Investor appetite for the 364-day Treasury bill has surged, with the tenor recording successive oversubscriptions since the re-opening of the 30-year infrastructure bond in early September.
- •In the 8 September 2025 auction, the 364-day paper attracted KSh 23.10 billion in bids against an offer of KSh 10.00 billion, representing a performance rate of 231%.
- •The Central Bank of Kenya (CBK) accepted KSh 19.08 billion, with a weighted average rate of 9.5790%, slightly up by 0.99 basis points from the previous week.
- •A week later, in the latest auction, demand remained strong with KSh 20.23 billion received for the same tenor.
CBK accepted KSh 11.06 billion at a lower yield of 9.5483%, showing a drop of 3.07 basis points but sustaining the bond’s dominance in both subscription volume and allocation.

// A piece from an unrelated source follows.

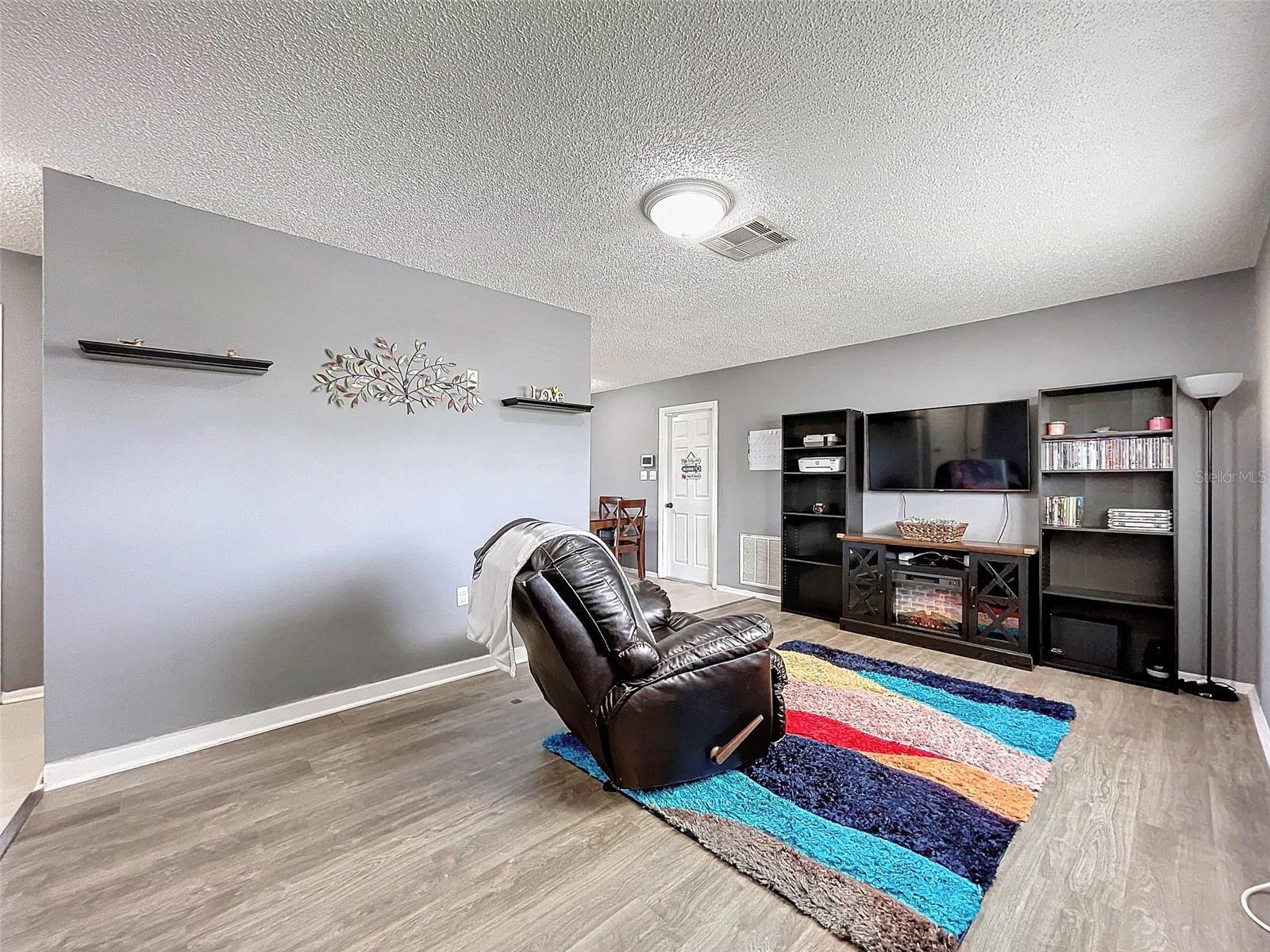 Listing photo id 6 for 8624 Paxton Drive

Why Investors Are Piling In
The strong interest in the 364-day bill comes amid a declining rate environment, following the CBK Monetary Policy Committee’s decision to cut the Central Bank Rate (CBR) to 9.50%. Investors are moving quickly to lock in yields that are now approaching parity with the CBR, anticipating further easing that may compress returns on short-term debt.
Meanwhile, the long-duration SDB1/2011/030 bond, re-opened in the same period, received muted demand. It attracted only KSh 8.07 billion in bids, with just KSh 2.40 billion accepted, marking a weak 40.35% performance rate despite its 13.96% average yield.
This contrast indicates risk aversion among investors, who are favoring shorter maturities with attractive rates over long-dated bonds that come with significant duration risk.
As the rate environment continues to shift, the market is clearly signaling a preference for instruments that combine safety, liquidity, and yield proximity to the benchmark policy rate.